An Egyptian jetliner carrying 148 people, 135 of them French tourists, crashed into the Red Sea on Saturday shortly after taking off from the Egyptian resort of Sharm el-Sheikh. There are no reports of survivors.

Egyptian aviation authorities said preliminary indications were that technical failure caused the crash, ruling out an explosion.

Egyptian aviation officials say the Boeing 737 took off shortly before 5 am but quickly disappeared from radar screens when it was about 11 kilometers south of the airport.

The officials ruled out an explosion, saying the crash appeared to have been an accident and that the charter plane had made no distress calls before vanishing from radar screens.
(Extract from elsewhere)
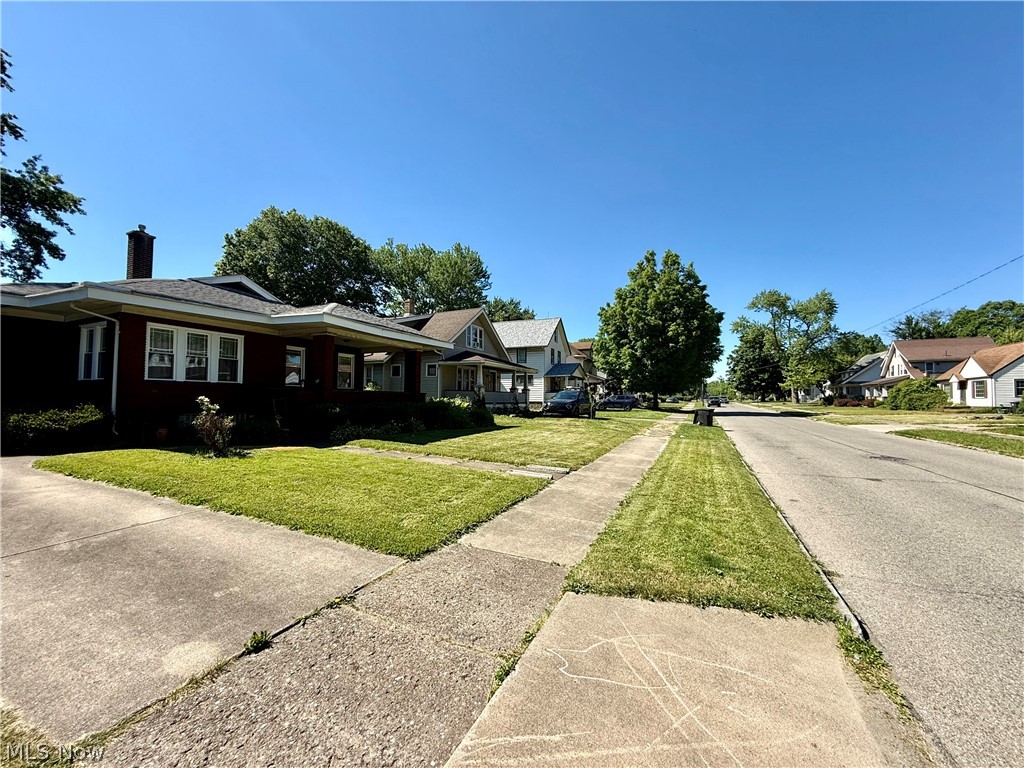 Warren Real Estate Companys - Residential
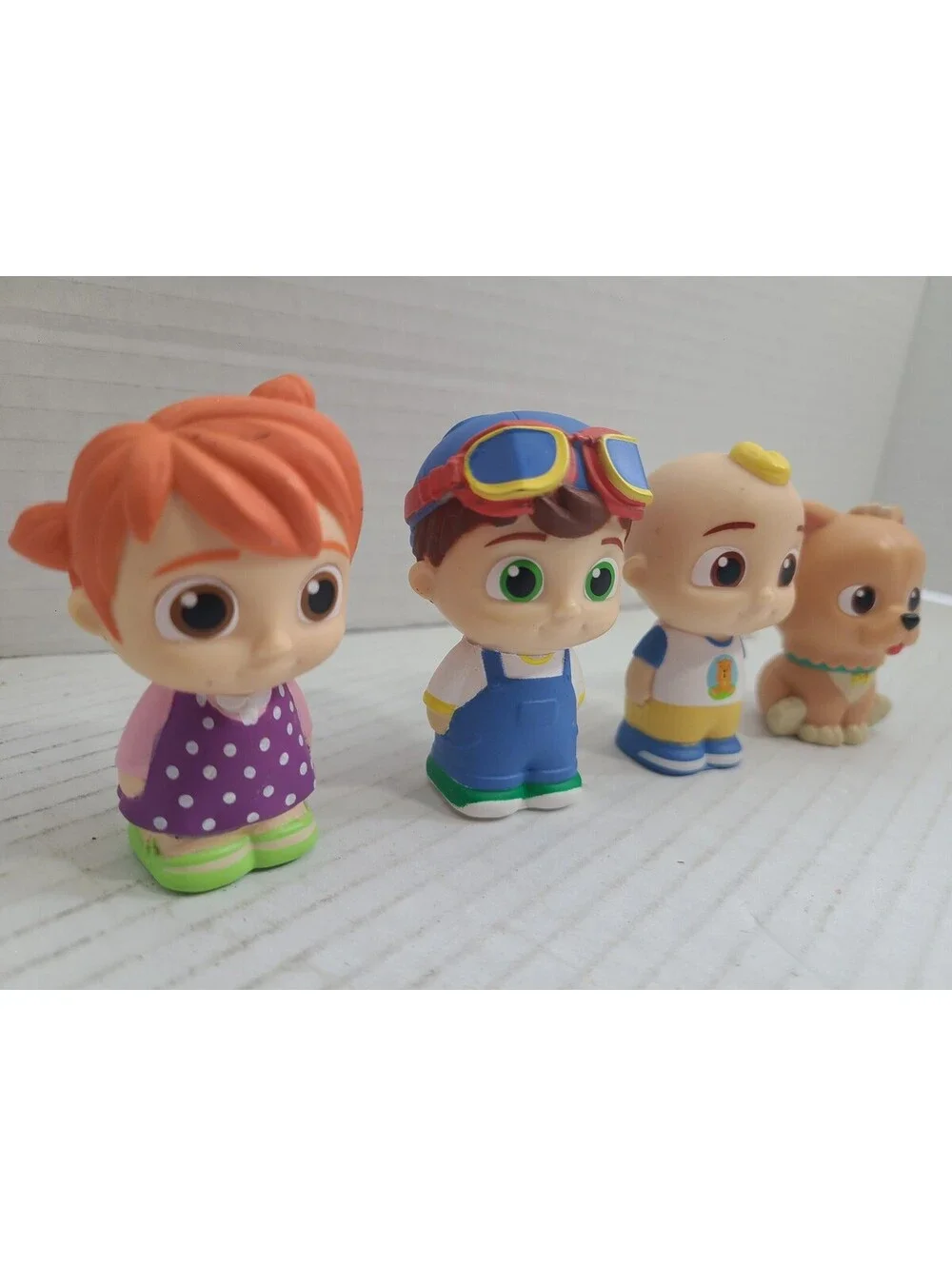 Set of 4 CoComelon JJ & Family Figurine Set Yoyo, TomTom, Bingo, JJ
There were no immediate reports of survivors among the mostly French passengers aboard the jet operated by the private Egyptian company Flash Airlines.

French authorities said the plane had been scheduled to land at Charles de Gaulle Airport in Paris later in the day.

Egypt's official media reported that bodies of the passengers and crewmembers were being pulled from the Red Sea waters off the coast of Sharm el-Sheikh.

Sharm el-Sheikh is an Egyptian resort in the Sinai Peninsula and is popular among Egyptian and international tourists alike. It frequently hosts major political summits, and local media were reporting on a meeting there Saturday between Egyptian President Hosni Mubarak and British Prime Minister Tony Blair.

Egyptian officials said the weather was clear in Sharm el-Sheikh Saturday and that other flights were taking off normally.

The crash comes amid a week of worldwide concerns that terrorists could be planning new attacks using airliners, along the lines of the September 11th, 2001 terror attacks in the United States.

One Egyptian Civil Aviation official, Hosni Abu Ghoneima, said the country's air and marine forces had located parts of the Egyptian plane and had retrieved some of the passengers' luggage.

He said the jetliner had arrived at Sharm el-Sheikh early Saturday from Italy and had reloaded with passengers before taking off again. It crashed moments later.

The plane went down in the Strait of Tiran, between the Sinai Peninsula and Saudi Arabia, where the water is about one thousand meters deep.

Egyptian television reported that French President Jacques Chirac was in contact with his Egyptian counterpart, Mr. Mubarak, to discuss the crash.

The last major crash of an Egyptian plane occurred in May 2002, when a Boeing 767 of the state airline Egypt Air crashed near Tunis Airport. In October 1999, an Egypt Air Boeing 767 plunged into the Atlantic off the coast of the U.S. state of Massachusetts.